● DATA FOR REVIEW

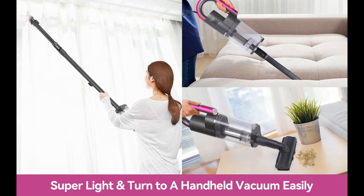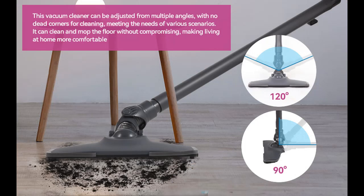14,000 PA Super Strong Suction Force: the stick vacuum cleaner can easily capture dust, debris, pet hair, and other debris to thoroughly clean your entire home.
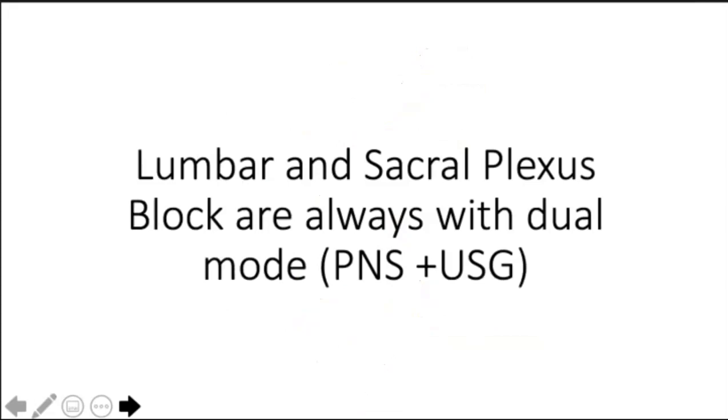Lumbar and sacral plexus block most often is done with dual mode. The simple reason is there are no vascular landmarks, so we depend more on bony landmarks. Whereas for other peripheral nerve blocks - upper limb, lower limb, truncal - we can get away with only ultrasound. But for lumbar and sacral plexus block, or gluteal and subgluteal sciatic, most of us would like to use PNS as well.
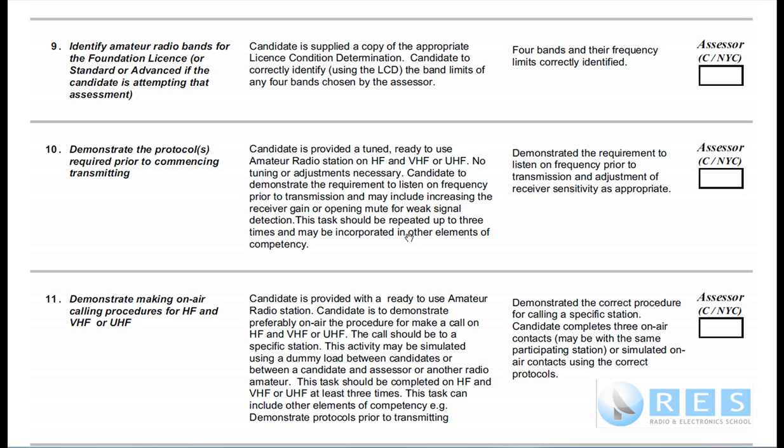Competency 10 is so important because later on, in the forthcoming competencies, you're going to have to do other things with the transceiver — for example, you're going to have to transmit, or you might have to change frequency. Before you do any of the other competencies on air with the radio, you must always do competency number 10, even if you're not specifically being assessed on competency 10.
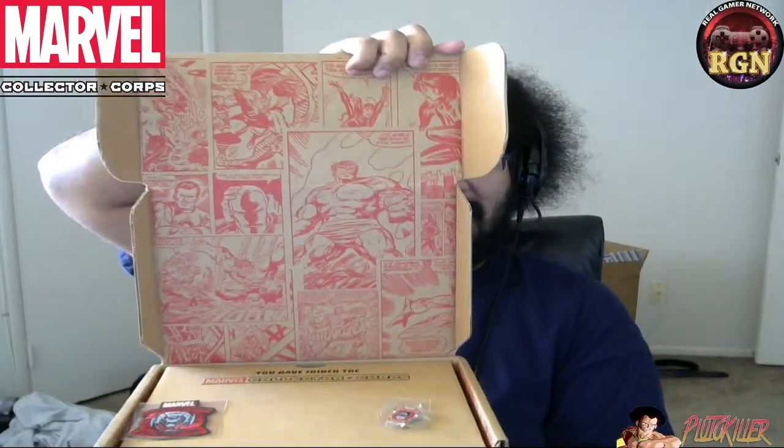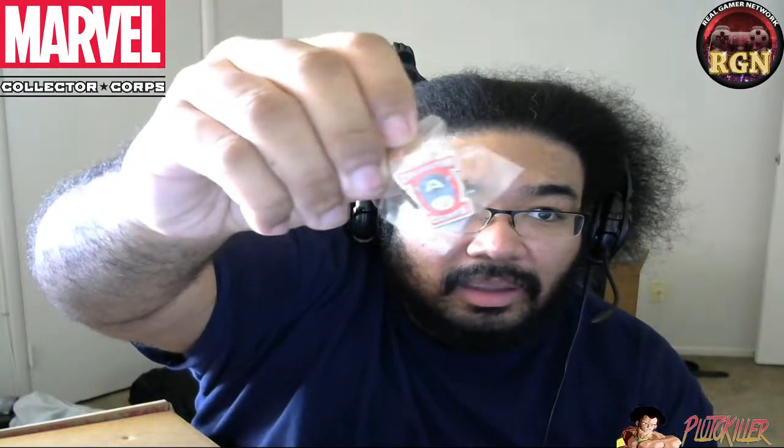When you open it, there's a comic etched in along with two pins — well, one is a pin and the other one is a patch by the looks of it. Yep, an iron-on patch and a Marvel Collector Corps pin. I'll get this up closer so you can see it — it's a pin with Captain America on it. It also tells you that you have joined the Marvel Collector Corps, right on the box.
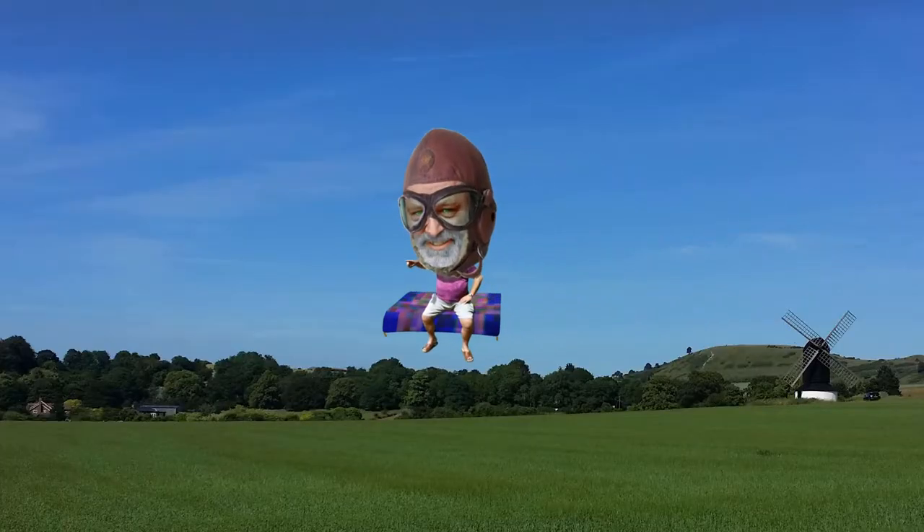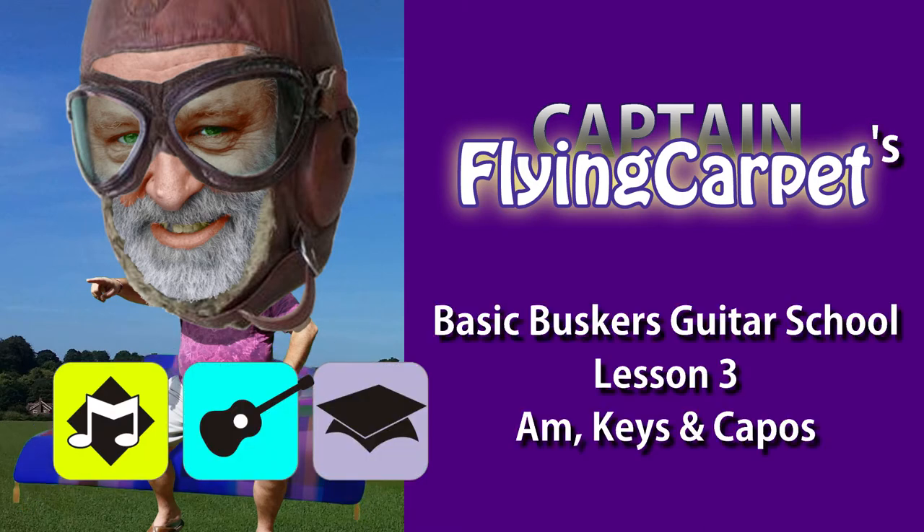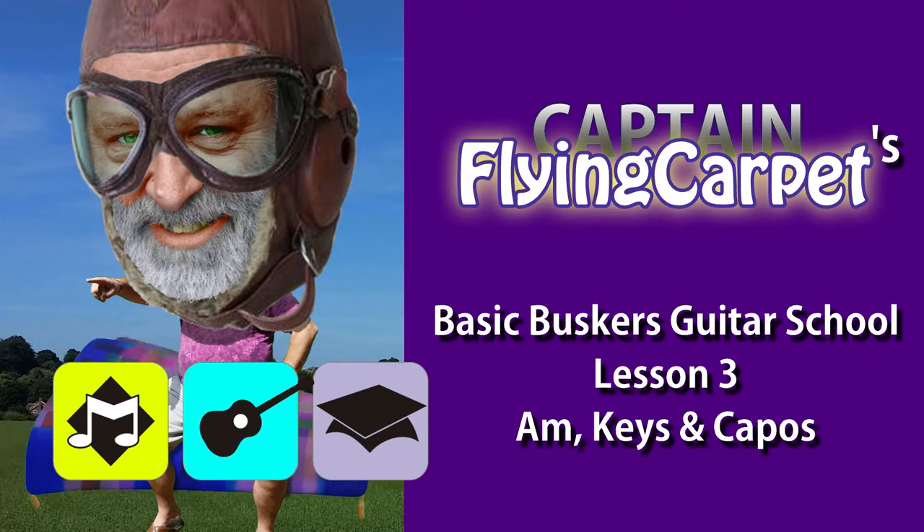How long are my nails? They're getting too long. You really want to keep your nails short. I know that's going to offend some people who like to have pretty long nails and varnish them and look really stylish, and that's cool. But you might want to consider, for a little while at least as you're learning, getting those nails out of the way. If you ask any serious guitarist, they will keep their nails short on the left hand — or I should say, on the chord hand. Because of course you can play it the other way around if you're left-handed.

● ASSIGNMENT
Exclude the pictures and write out exactly the lines from the one holding "When you open" through the end of the entries, inclusive, and only those.

● EXERCISE OUTPUT
When you open it, there's a comic etched in along with two pins — well, one is a pin and the other one is a patch by the looks of it. Yep, an iron-on patch and a Marvel Collector Corps pin. I'll get this up closer so you can see it — it's a pin with Captain America on it. It also tells you that you have joined the Marvel Collector Corps, right on the box.
How long are my nails? They're getting too long. You really want to keep your nails short. I know that's going to offend some people who like to have pretty long nails and varnish them and look really stylish, and that's cool. But you might want to consider, for a little while at least as you're learning, getting those nails out of the way. If you ask any serious guitarist, they will keep their nails short on the left hand — or I should say, on the chord hand. Because of course you can play it the other way around if you're left-handed.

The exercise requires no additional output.